Mark and sweep

Efficiently collecting data changes for the very low-bandwidth distributed replication scenarios.

Damir Bulic

Sep 8, 2021 • 1 min read

Synchronizing data over low-bandwidth connection relies on multi-staged approach:

1. Hash the data on both ends
2. Compare the hashes to figure out what has changed (mark)
3. Go back to the databases and fetch the marked data (sweep)
4. View the differences, or
5. Replicate changes by executing a minimal set of SQL statements on the target to bring it in sync with the source

Marking

Once hashes arrive from the databases, the comparison is very simple - advance on sorted keys and put the key into one of the three buckets (added, changed, deleted).

Sweeping

Once we have the set of keys for the data we need, we need to look into how to make that as efficient as possible. Usually, we would just do a full copy where we can migrate terabytes per hour, easily. However, that would fully saturate the low-bandwidth connection, so we need to rely on our syncing engine (which supports bandwidth throttling) even for the initial pass. That means, billions of records on that first pass.

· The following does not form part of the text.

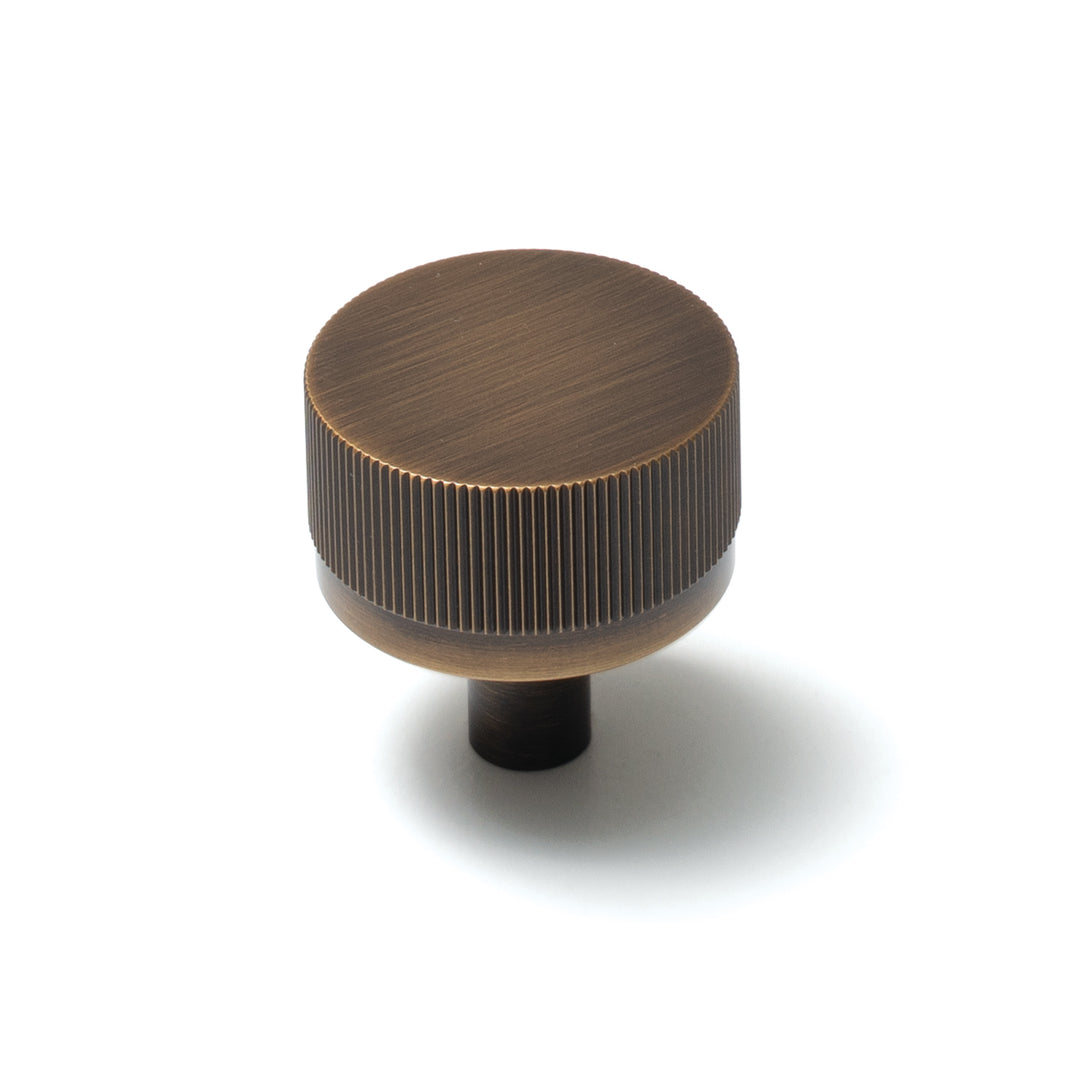Bellevue Solid Brass Lined Knob Bronze 35mm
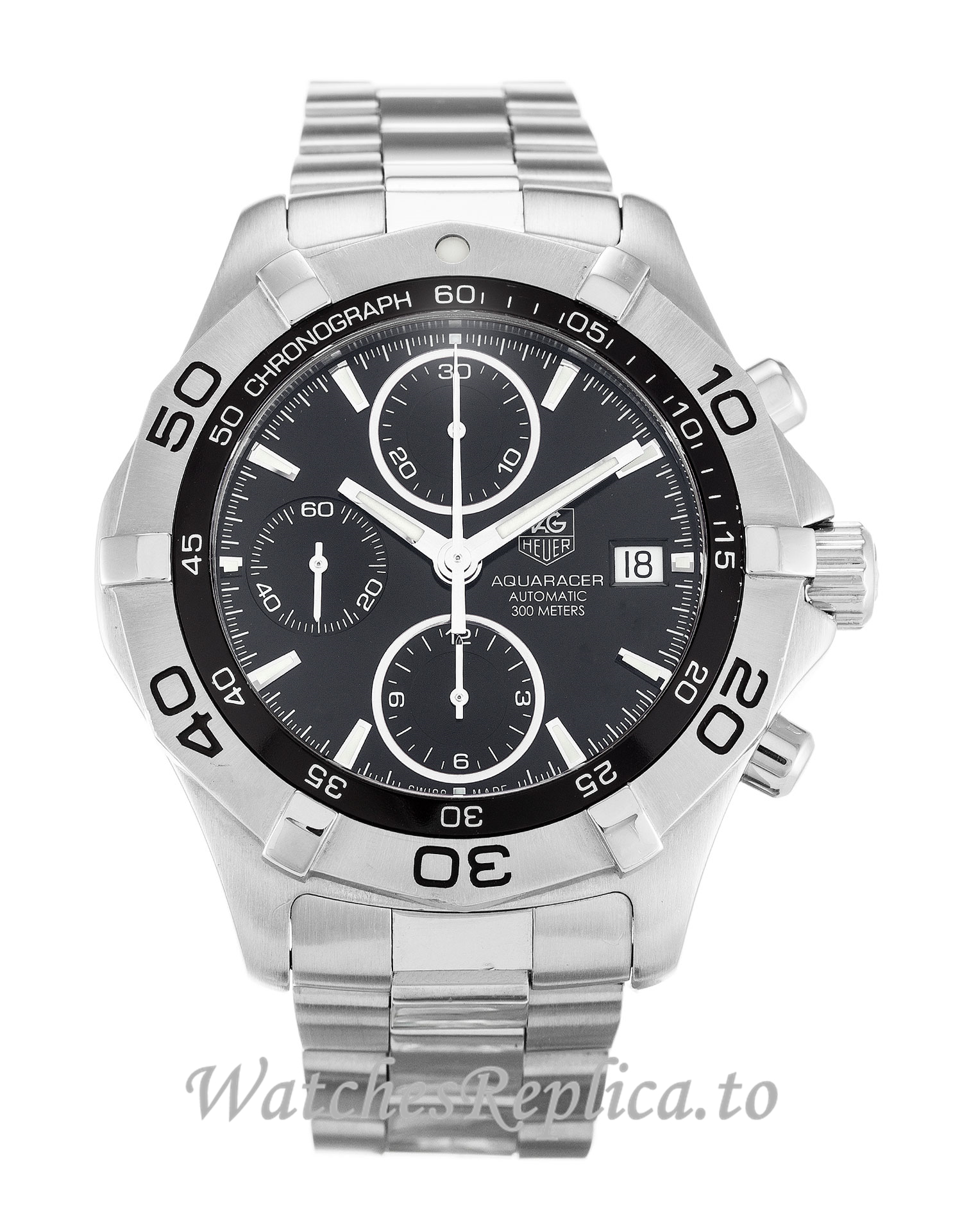 Tag Heuer Aquaracer Black Dial CAF2110.BA0809 41 MM - WatchesReplica.is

As result of our marking phase is a list of keys, we are folding the keys by detecting all non-gapped monotonously increasing PK ranges. Such ranges can be described with BETWEEN expressions of the WHERE clause. Outliers can be fetched via IN expressions.

To avoid loading a billion records with a single connection, we are limiting a range of records to 100k, by default. That allows us to massively parallelize the indexed fetch, something Omni Loader is very good at.

For compound primary keys, all but the right-most columns must be separated, and the right-most can be optimized by range folding as described in the single-column scenario.